Un gran bisogno di saggezza, pacatezza e ragionevolezza

Sergio Mattarella non è un comunicatore. E’ un uomo chiuso e rigido, impacciato davanti alle telecamere, perfino goffo. Ma sono fortemente convinto della sua onestà e sincerità, e ritengo che la sua azione sui leader politici – più bravi di lui a comunicare, ma con idee molto meno chiare e molto meno pacati di lui – sortirà effetti positivi sulla vita politica complicata e spesso incomprensibile del nostro Paese. Ho apprezzato moltissimo il suo discorso.

Questo è il commento che ho postato ieri sera su Facebook alla fine del tradizionale discorso di fine d’anno, il secondo di Mattarella, che il Presidente della Repubblica rivolge al Paese; e ho pensato di condividere questa mia riflessione con i miei amatissimi ventiquattro lettori su Cariatinet, aggiungendo con l’occasione qualche riflessione.

La prima riflessione è che il richiamo di Mattarella al buon senso, quando ha spiegato perché non ha voluto sciogliere le Camere, è inappuntabile: andare alle elezioni con due leggi diverse per i deputati e i senatori significherebbe impedire scientemente la formazione di ogni possibile maggioranza, e dunque condannare il Paese a un caos ben peggiore di quello attuale. Si armonizzino le regole, ha detto, e poi si potrà tornare alle urne: un perfetto ragionamento da arbitro super partes, oltre che di inappuntabile razionalità.
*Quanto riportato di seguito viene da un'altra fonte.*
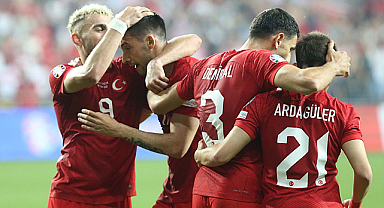 A Milli Takım aday kadrosu açıklandı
La seconda, più amara, è che l’invito del Presidente a mettere da parte l’odio, nella lotta politica, è inevitabilmente caduto nel vuoto. Dico inevitabilmente perché purtroppo è verissimo il vecchio proverbio: non c’è peggior sordo di chi non vuol sentire. Chi vuole avere nemici e non avversari non dà retta a inviti come questo. Anzi, critica senza nemmeno ascoltare, come dimostrano commenti di questo tenore: sono stufo dei soliti discorsi ipocriti, perciò non ascolterò Mattarella. Per non parlare del solito Salvini che, lanciando la sua sfida al Presidente, al pacato invito a evitare di considerare terroristi tutti gli immigrati ha saputo rispondere solo con un grottesco: si vede che lui non va a fare la spesa da solo al supermercato. Altri, ancora più beceri, contestando la sua decisione di dar vita al governo Gentiloni, hanno sfogato il loro livore con insulti che andavano da quanto ci costa questo parassita a servo di Renzi, a presidente illegittimo e altre consimili piacevolezze.

Dulcis in fundo, l’ultima riflessione che voglio proporre ai miei ventiquattro lettori è che i più feroci, grevi e non di rado volgari insulti a Mattarella sono venuti proprio da coloro che, ribadendo il loro NO al referendum dello scorso 4 dicembre, si dicevano e si dicono strenui difensori della Costituzione. Di una Costituzione che evidentemente, però, non hanno letto, dato che il Presidente si è mosso, durante la crisi di governo, in modo inappuntabilmente rispettoso della Carta; o, se l’hanno letta, la considerano non una Carta costituzionale ma una carta di ristorante: un menu dal quale scegliere solo le portate che gradiscono, rifiutando quelle che a loro costano troppo o dal sapore troppo sgradevole.

Siamo un popolo riottoso, cinico e indisciplinato e insofferente, se dobbiamo seguirle noi, di regole che pretendiamo, invece, di veder rispettare dagli altri: caratteristiche che trasmettiamo pari pari ai politici, quasi tutti, che ci rappresentano nelle istituzioni. Fortunatamente, però, sul colle più alto di Roma, nei momenti più complicati, ci abitano italiani atipici: magari poco simpatici, timidi e impacciati ma forniti di saggezza, pacatezza, profonda cultura e ragionevolezza, le doti che veramente contano quando si hanno responsabilità così gravi e determinanti.

Dunque grazie, Presidente Mattarella. Possa l’Italia prendere esempio da lei e, in questo 2017 che si annuncia denso di incognite e di orizzonti gonfi di nuvole minacciose, imparare a badare di più alla sostanza delle cose e meno alle apparenze.

Un auspicio che, ne sono convinto, condividono anche i miei ventiquattro lettori; ai quali ovviamente, come a me stesso, auguro di tutto cuore un 2017 sereno, prospero e felice.

E anche, meno ovviamente, saggio, pacato e ragionevole.